The Supreme Court of Canada has given the Liberal government until June 6 to amend the Criminal Code so that “physician-assisted death” is legal in specified circumstances. Yet some Senate members have threatened to delay the amendment’s passage. While this looks like a potential contempt of court, some of the senators might argue that it is the House of Commons, or at least those MPs who seek to pass the existing bill into law, acting contemptuously toward the high court’s order.
Given that the government has promised a free vote on the bill, no Liberal “whipping” is possible. Whipping wouldn’t help in any event. When the Liberals sat in opposition, leader Justin Trudeau extravagantly (if fecklessly) cocked a snook at the Senate as a poor man’s House of Lords (packed by successive governments with their toadies and bagpersons) by transubstantiating Liberal senators into Independents outside his control. In any event, the so-called Liberal leader in the upper chamber, James Cowan, told the Globe and Mail that Bill C-14 does not reflect the Supreme Court’s criteria – that the procedure could be granted to “a competent adult person who (1) clearly consents to the termination of life and (2) has a grievous and irremediable medical condition … that causes enduring suffering that is intolerable to the individual in the circumstances of his or her condition.”
The bill requires that applicants for such procedures be 18, that their death be “reasonably foreseeable,” and that their request for assistance be in writing. Two medical practitioners must certify that the medical condition meets the bill’s criteria.
Senator Cowan believes the bill is overly restrictive, particularly because it excludes too many possible applicants, and because “reasonably foreseeable” is imprecise. (He served on the parliamentary committee appointed by the government to advise on how the bill should be drafted. The recommendations suggested that people in the early, “competent” stages of mental impairment be permitted to request medically-induced death should they decline to a certain point, and that in certain instances of extreme suffering such assistance should be available to minors.) While he told the Globe’s Laura Stone that “it’s not the end of the world if the bill doesn’t pass” by June 6, he could argue that, insofar as it does not substantially track the court’s ruling (in his view), it would be the Commons in breach of the deadline order.
It is of course a grave matter, fundamentally unconstitutional and a threat to the rule of law, for Parliament to snub the nation’s highest court.

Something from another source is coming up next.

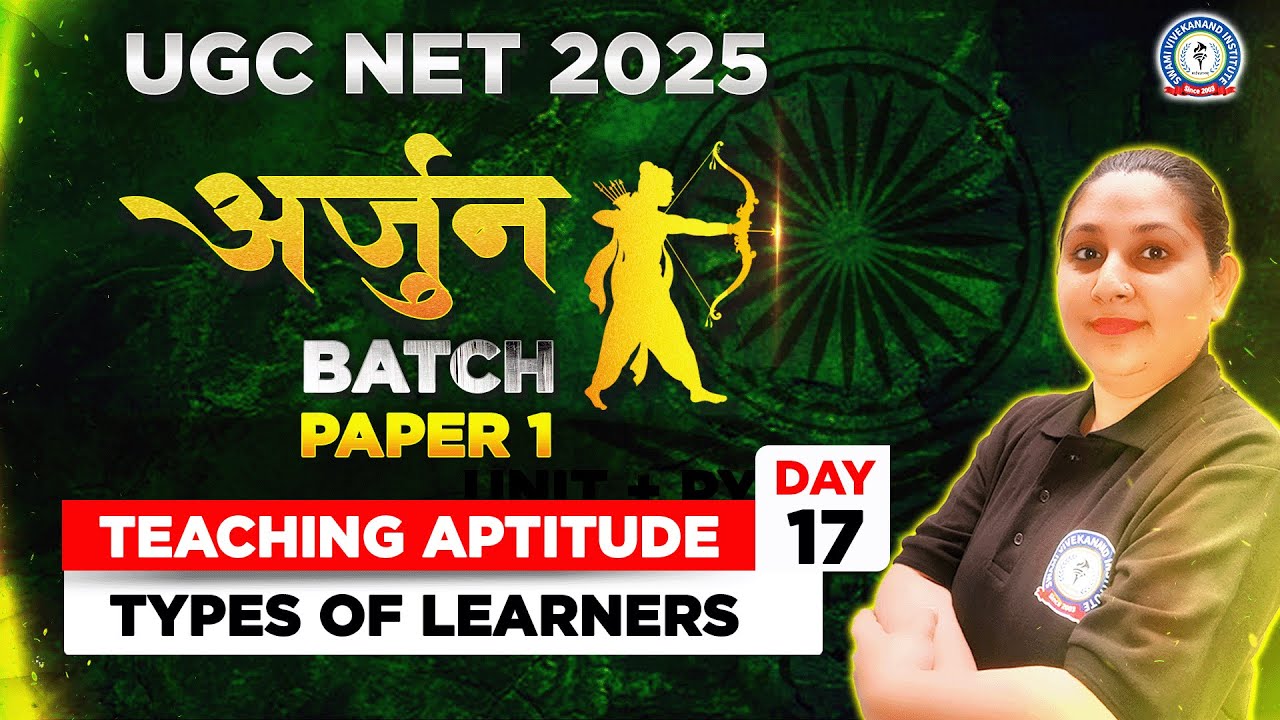 UGC NET 2025 | Paper 1 | Teaching Aptitude – Types of Learners | Arjun Batch | Day 17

Should the delay be caused by unelected senators frustrating the will of legislators chosen by the electorate, the insult is yet graver. But if the deadline passes without legislation in place, no matter which house might be said to commit the contempt, the problem is sanction. The high court possesses inherent power to punish for such offences (by sundry means, including fines and imprisonment), but in this case, to punish whom? The parliamentarians who actively delay the bill? The entire Senate or Commons? Both houses? How?

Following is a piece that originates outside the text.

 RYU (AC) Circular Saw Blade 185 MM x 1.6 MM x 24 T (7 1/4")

Lawmakers are not above the law, and the court already has extended the deadline for them once (by six months, after a change in government). Directors and officers are liable for contempts by their corporations, as are union leaders where the contempts are organized. Arguably, house leaders, including cabinet ministers and prime ministers, could be liable for contempts if disobedience of court orders is party policy, more or less. (Where the contempt is clearly by individual choice, the courts do not act against the collective.) If Parliament misses this second deadline, we probably won’t see Cowan or the PM dining on Her Majesty’s jailhouse bologna until they “purge their contempt.” But what message would this delinquency send about the rule of law – among those meant to give it life and husband it?